Geçen zaman içinde Safevi Şahları İran’daki sünni nüfusu ve Anadoludan getirdikleri Alevi Kızılbaş Türkmenleri zorla Şii Câferi yaptılar. Devlet yönetiminde Fars Bürokrasisi kadar mollaların da etkisi arttı. On İki İmam Şiiliği ihtiyaç duyduğu devlet yapısına kavuşmuştu. Zaman içinde mollaların etkisi Şahları bile geri bırakır hale gelmişti. Örneğin 18’inci yüzyıl Kaçar Hanedanı zamanında Nasırüddin Şah Kaçar döneminde Şah’ın haberi ve emri olmadan mollaların fetvasıyla Rusya’ya savaş açılmıştı. Tabii sonu hezimetle bitmişti bu savaşın.

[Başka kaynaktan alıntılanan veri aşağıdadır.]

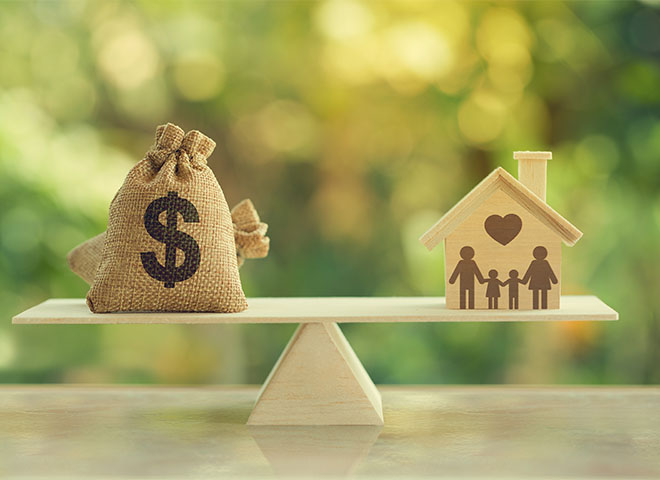 Wood scale with money bag and house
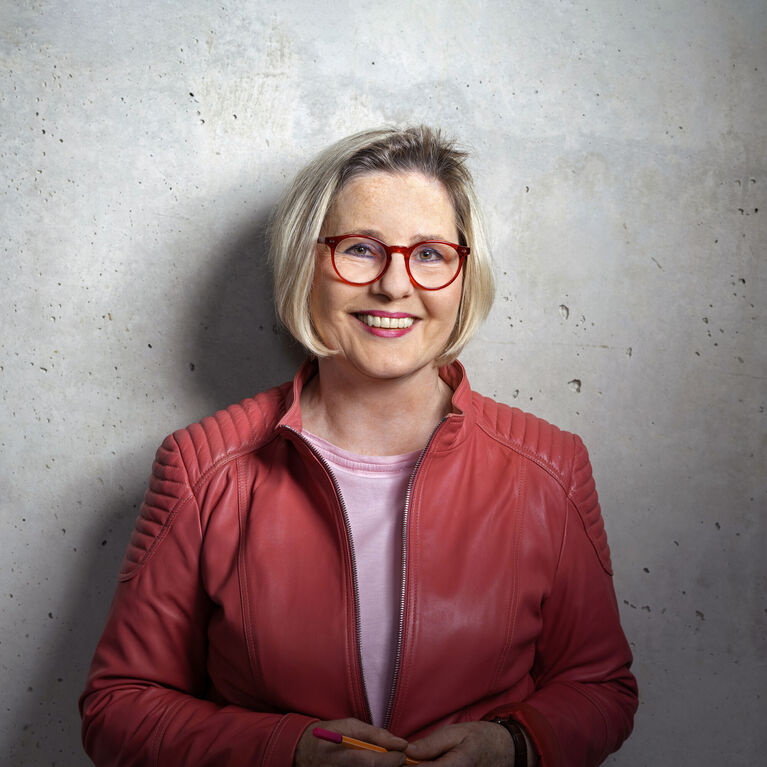 Person mit blondem Kurzhaarschnitt, roter Lederjacke, rosafarbenem Oberteil und runder Brille vor grauem Hintergrund (KI-generiert)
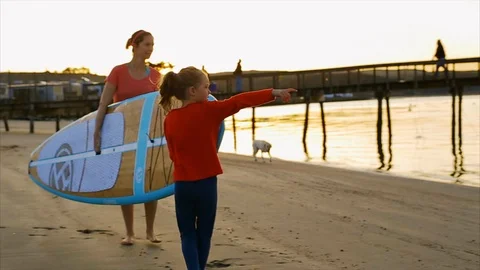 Daughter points out to sea while her mother carries paddleboard. Vidéo 88369335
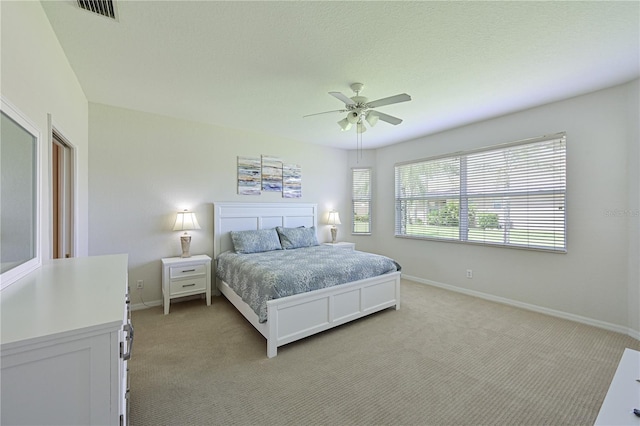 bedroom with light carpet, baseboards, visible vents, and a ceiling fan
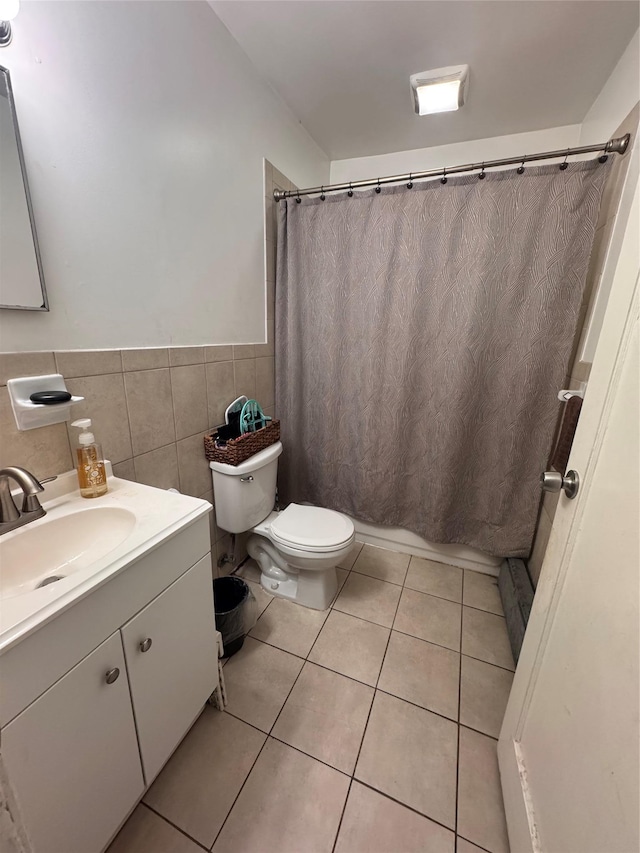 702 Tower Ct, Uniondale, NY 11553 - bathroom featuring toilet, vanity, wainscoting, tile patterned floors, and tile walls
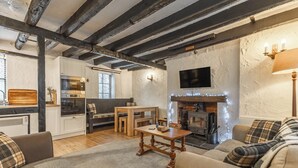 Ein gemütliches Wohnzimmer mit Kamin, Holzbalken, einem Fernseher und einer Küchenzeile mit modernen Geräten.
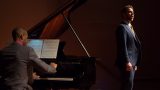 A man singing and another man playing piano.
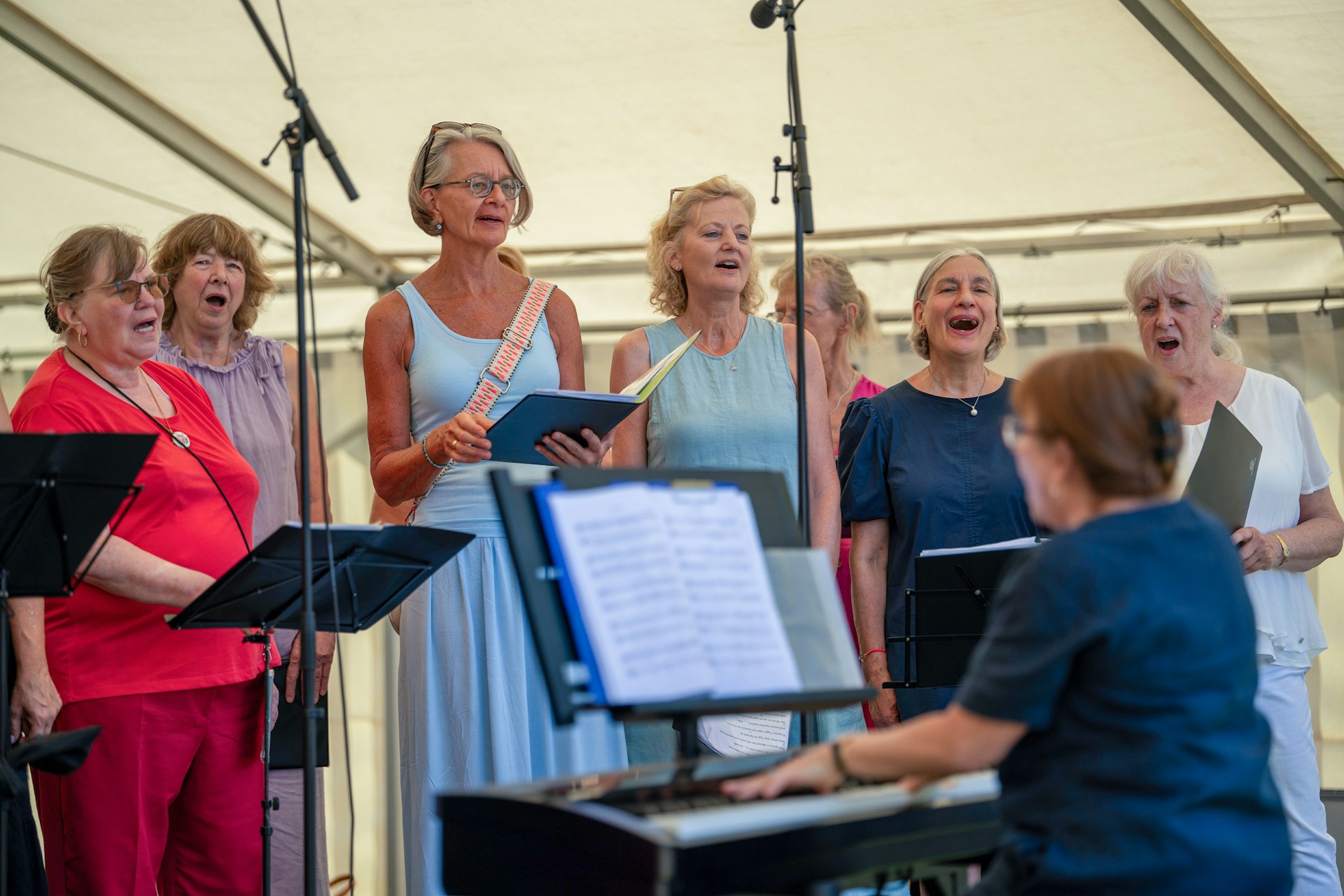 Stage performances featured local and regional choirs, musicians, poets, actors, and storytellers.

Şiiliğin iktidarının son dönemi 1979 İran İslam Devrimi sonrasına denk gelir. Devrim Lideri Humeyni’nin Velayet-i Fakih doktrini, hükümetin ve meclisin kararlarının son onay merciinin din adamları sınıfı ve onun tepesinde olan Rehber’in (yani dini liderin) olduğudur. Yani ister seçimle gelsin ister hanedana dayansın bir devletin idaresinde son söz din adamları sınıfınındır. Artık mollalar sınıfı devletle eklemlenmenin ötesine geçmiş ve bizatihi devlet olmuştu. Bugün İran’da halen bu sistem uygulanmaktadır. Siyaset ve iktidar gücü o kadar büyüktür ki, kendilerine vekalet ettikleri On İki İmam’ın dünya işlerinden ayrı gördüğü din adamlığını bizzat devletin ve siyasetin tepesine yerleştirmişlerdir. Bu da İmam Cafer es-Sâdık’ın görüş ve içtihatlarının siyaseten çöpe atılması anlamına gelir.
SON SÖZ: İslam tarihinde dini kökenli olduğu düşünülen bir çok olay, tartışma ve çatışma aslında siyasi ve iktisadi etkenlere dayanmaktadır. Neyin dini olduğunu anlayabilmek için, ilk önce, neyin dini olmadığını anlamak gerekir.